Quella mattinata afosa dell’otto agosto 1991, nessuno potrà scordarla. Gli abitanti di Bari dovettero fare i conti con la notizia dell’arrivo di una grande nave chiamata “Vlora”. L’imbarcazione attraccò nel porto del capoluogo pugliese non per ragioni commerciali ma per una vera e propria invasione. Ovviamente pacifica, ma quel muro di gente, formato da ventimila albanesi disperati, era davvero impressionante perché fino ad allora non si era mai visto nulla del genere. Prima e dopo quello storico avvenimento, ci furono diversi altri sbarchi di famiglie disperate. Nel 1990, a Bari arrivò una famiglia formata da padre, madre e un bambino di pochi mesi. Quel bimbo si chiama Edgar Cani.
Ha girovagato per anni tra città del centro Italia e tra varie squadre che hanno scoperto il talento di questo possente ragazzo: Pescara, Palermo, Ascoli, Padova, Piacenza, Modena, Catania, Carpi ed infine Bari. Un piccolo cerchio nella vita di Edgar si è concluso. A distanza di oltre vent’anni, quel ragazzotto ha saputo ripagare quella città che l’ha accolto in maniera dolce e paterna: nella grande festa dei cinquantamila del San Nicola, Edgar è il protagonista indiscusso.

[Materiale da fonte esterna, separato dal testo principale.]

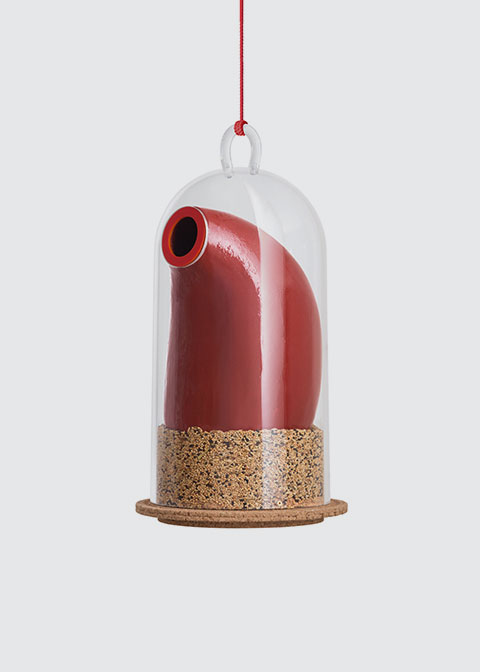 Reconsidered architecture for woodpeckers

I biancorossi devono vincere a tutti i costi per acchiappare i playoff ma vanno incredibilmente in svantaggio ad inizio ripresa. Tutto sembra perduto, non c’è lucidita nel gioco del Bari e il sogno sembra essere destinato a svanire. Ma il tecnico Alberti ha ancora una chance: far entrare Cani. Il gigante buono entra in campo tra gli applausi e si mette subito all’opera. In sostanza, cambia il match: un colpo di testa formidabile ed un tocco di rapina sotto porta lo consacrano definitivamente. Si getta a terra, incredulo, è praticamente sull’orlo delle lacrime. Ma non piange, è felice. A fine partita dichiarerà: “Sul raddoppio ho sentito il fiato dei tifosi sul pallone. Il gol lo abbiamo segnato insieme”.
Quei tifosi, quella città, che l’hanno riabbracciato per la gioia, vent’anni dopo averlo accolto quando era disperato e aveva bisogno di tutto l’amore del mondo.